This article provides a detailed end-to-end pipeline for fine-tuning YOLOv12, YOLOv11, and YOLOv7-based DarkNet on HRSC2016-MS. It covers dataset preprocessing (basic shuffling and splitting the dataset into train, test, and val sets), training, evaluation, and a comparative analysis of their performance. The key focus areas include:
- Handling dataset biases to improve small-object detection.
- Shuffling the dataset to ensure proper generalization.
- Comparing YOLOv12, YOLOv11, and YOLOv7-based DarkNet on validation/test sets.
- Visualizing detections to compare model performance.
Additionally, this article highlights the importance of understanding dataset structure and biases. Researchers invest significant time in dataset preparation and proper train-validation-test splits to enhance model generalization and avoid misleading results. By addressing these challenges in HRSC2016-MS, we demonstrate how proper data preparation and structuring contribute directly to improved model accuracy.
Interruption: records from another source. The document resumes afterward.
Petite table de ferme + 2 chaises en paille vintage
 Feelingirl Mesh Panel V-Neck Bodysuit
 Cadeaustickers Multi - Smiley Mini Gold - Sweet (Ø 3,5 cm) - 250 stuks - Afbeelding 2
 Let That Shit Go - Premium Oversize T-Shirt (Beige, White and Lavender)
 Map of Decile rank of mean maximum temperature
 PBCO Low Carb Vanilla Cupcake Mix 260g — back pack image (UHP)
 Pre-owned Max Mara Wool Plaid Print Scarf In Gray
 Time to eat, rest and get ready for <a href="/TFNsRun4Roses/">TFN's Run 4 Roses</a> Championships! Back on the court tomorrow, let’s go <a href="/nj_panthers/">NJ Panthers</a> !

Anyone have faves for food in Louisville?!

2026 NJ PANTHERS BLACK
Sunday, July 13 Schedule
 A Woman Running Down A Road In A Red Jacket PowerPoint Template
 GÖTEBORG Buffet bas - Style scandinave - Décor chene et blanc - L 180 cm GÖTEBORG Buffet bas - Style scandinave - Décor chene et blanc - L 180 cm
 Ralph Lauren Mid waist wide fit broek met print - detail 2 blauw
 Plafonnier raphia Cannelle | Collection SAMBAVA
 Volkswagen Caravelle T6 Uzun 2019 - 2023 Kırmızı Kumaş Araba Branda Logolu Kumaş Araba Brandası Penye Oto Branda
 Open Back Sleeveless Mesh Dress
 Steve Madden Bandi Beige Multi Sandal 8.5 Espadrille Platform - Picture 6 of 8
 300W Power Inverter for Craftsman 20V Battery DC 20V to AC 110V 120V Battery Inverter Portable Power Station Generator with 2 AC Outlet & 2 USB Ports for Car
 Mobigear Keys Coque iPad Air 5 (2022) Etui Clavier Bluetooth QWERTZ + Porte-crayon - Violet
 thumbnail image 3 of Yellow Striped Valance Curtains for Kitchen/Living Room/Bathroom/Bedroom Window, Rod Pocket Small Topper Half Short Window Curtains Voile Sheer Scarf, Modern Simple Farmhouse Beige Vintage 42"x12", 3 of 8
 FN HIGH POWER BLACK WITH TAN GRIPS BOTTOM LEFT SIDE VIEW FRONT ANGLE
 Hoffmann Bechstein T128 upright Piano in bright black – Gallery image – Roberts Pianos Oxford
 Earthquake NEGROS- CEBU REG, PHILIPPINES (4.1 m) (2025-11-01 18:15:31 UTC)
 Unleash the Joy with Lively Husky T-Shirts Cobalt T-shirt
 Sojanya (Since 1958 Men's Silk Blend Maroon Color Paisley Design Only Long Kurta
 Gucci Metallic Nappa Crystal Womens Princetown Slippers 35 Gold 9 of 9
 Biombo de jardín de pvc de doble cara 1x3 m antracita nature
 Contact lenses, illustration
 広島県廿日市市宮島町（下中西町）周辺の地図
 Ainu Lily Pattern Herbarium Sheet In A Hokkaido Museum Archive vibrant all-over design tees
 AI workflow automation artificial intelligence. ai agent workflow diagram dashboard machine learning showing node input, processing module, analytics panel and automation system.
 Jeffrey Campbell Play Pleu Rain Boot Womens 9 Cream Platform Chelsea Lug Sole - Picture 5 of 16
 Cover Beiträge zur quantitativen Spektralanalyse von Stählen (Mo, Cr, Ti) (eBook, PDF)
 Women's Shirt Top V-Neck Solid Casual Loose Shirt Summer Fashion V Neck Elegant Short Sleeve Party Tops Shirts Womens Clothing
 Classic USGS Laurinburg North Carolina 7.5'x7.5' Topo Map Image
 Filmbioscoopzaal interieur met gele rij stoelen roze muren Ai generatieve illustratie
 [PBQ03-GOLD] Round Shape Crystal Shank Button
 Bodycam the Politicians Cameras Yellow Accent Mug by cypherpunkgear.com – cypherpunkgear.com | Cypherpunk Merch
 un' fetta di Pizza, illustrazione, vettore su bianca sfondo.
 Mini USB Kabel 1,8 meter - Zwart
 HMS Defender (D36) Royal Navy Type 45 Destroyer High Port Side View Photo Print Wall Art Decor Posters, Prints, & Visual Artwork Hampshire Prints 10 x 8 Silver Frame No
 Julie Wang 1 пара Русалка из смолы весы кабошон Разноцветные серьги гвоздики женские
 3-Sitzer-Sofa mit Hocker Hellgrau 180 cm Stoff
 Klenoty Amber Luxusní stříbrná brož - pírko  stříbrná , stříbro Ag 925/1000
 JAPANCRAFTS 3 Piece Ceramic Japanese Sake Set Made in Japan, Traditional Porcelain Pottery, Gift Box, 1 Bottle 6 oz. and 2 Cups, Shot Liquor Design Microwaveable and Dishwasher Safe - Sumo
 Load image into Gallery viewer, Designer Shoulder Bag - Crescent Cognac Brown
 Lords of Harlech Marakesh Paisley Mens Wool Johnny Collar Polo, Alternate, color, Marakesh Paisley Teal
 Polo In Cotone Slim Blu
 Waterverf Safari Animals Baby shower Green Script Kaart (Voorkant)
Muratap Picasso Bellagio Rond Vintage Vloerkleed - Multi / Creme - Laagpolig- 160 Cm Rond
- Understanding the HRSC2016-MS Dataset
- Dataset Conversion & Preprocessing (Shuffling)
- Fine-Tuning YOLOv12 on the HRSC2016-MS Dataset
- Fine-Tuning YOLOv11 on the HRSC2016-MS Dataset
- Fine-Tuning YOLOv7-Based DarkNet on HRSC2016-MS
- Setting Up DarkNet
- Downloading Pretrained YOLOv7-Based DarkNet Weights
- Text files for Darknet
- Preparing Custom YOLOv7-based Darknet Class Names File
- Preparing Custom YOLOv7-based Darknet Training Data File
- Preparing Custom YOLOv7-based Darknet Testing Data File
- Preparing Custom YOLOv7-based Darknet Configuration File
- Training YOLOv7-Based DarkNet
- Evaluation Metrics: YOLOv7-based Darknet
- Comparison of mAP Scores for YOLOv12, YOLOv11, and YOLOv7-based DarkNet
- Inference Results on Few Images
- Key Takeaways
- Conclusion
- References
Understanding the HRSC2016-MS Dataset
HRSC2016-MS is a maritime object detection dataset consisting of aerial images of ships. The dataset has only a single class as the ship. It contains various ship sizes, densities, and orientations, making it a challenging dataset for object detection models.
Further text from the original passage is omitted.